The bill, originally co-sponsored by Sen. Tom Cotton (R-Ark.) and Reps. Steve Stivers (R-Ohio) and Bill Foster (D-Ill.), primarily strengthens the position of patent holders in judicial and administrative proceedings. The Leahy-Smith America Invents Act of 2011 (P.L. 112-29) established a process by which third parties could challenge the validity of patents within the U.S. Patent and Trademark Office. This inter partes review process was intended to be speedier and less expensive than litigating a patent in court, though some believe that these proceedings — and the Patent Trial and Appeals Board (PTAB) overseeing them — too readily favor plaintiffs over legitimate inventors.
The STRONGER Patents Act would clarify standards for the interpretation of patent claims and other technical matters, leaving less ambiguity for challengers to exploit.
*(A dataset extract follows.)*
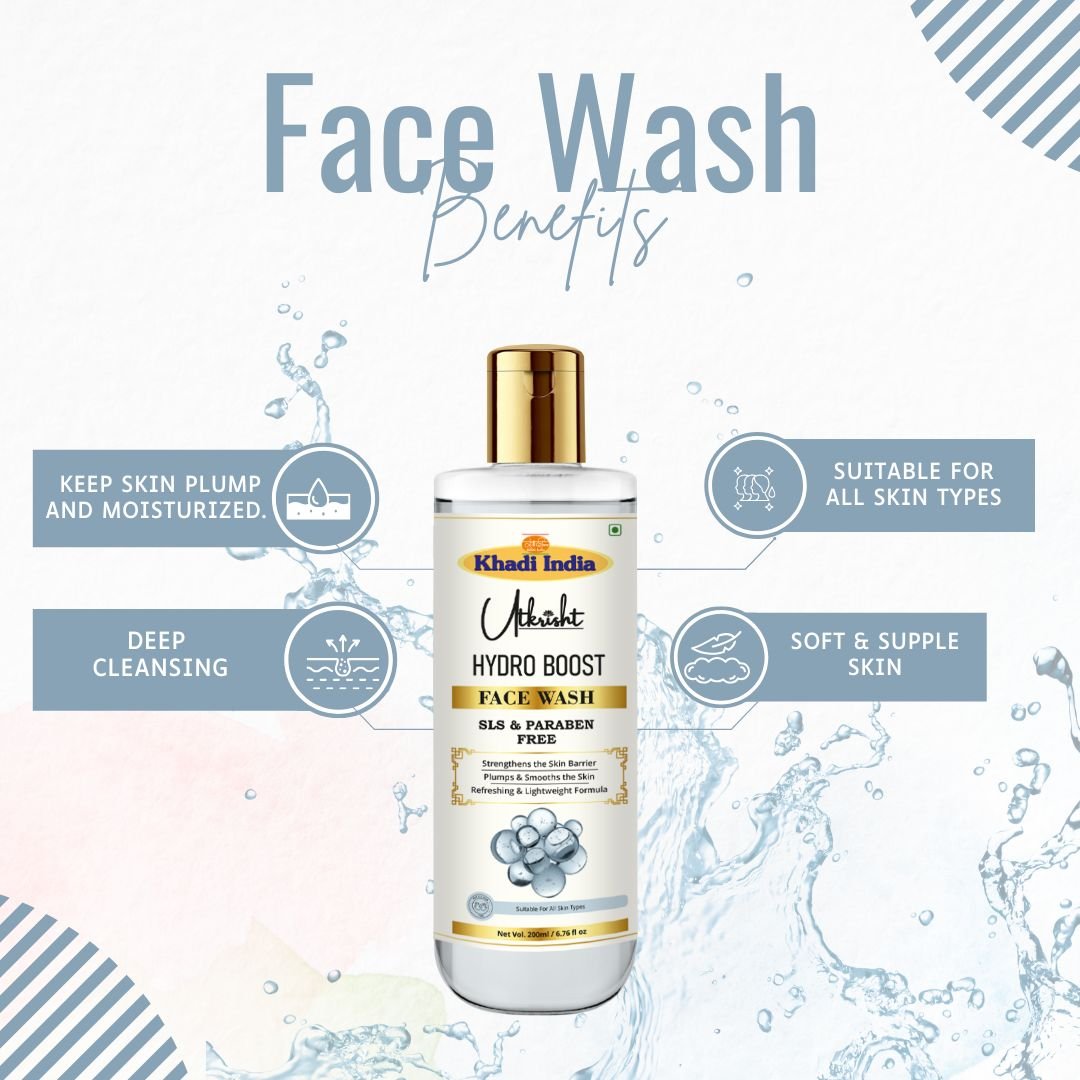 Utkrisht Khadi Hydro Boost Face Wash – Deep Hydration, Soft Cleansing & Fresh Glow for All Skin Types - 200ml - Image 4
The bill also would specify a presumption of validity for patents in PTAB proceedings and require plaintiffs to meet a “clear and convincing” burden-of-proof standard for overturning a patent.
The AAMC joined members of the higher education and research communities in supporting the legislation. In a press release, the groups noted that “universities and academic medical centers rely on robust, enforceable patents to ensure their research discoveries will be developed into products and innovative techniques that improve quality of life and fuel economic growth.” The STRONGER Patents Act would work to support this technology transfer process.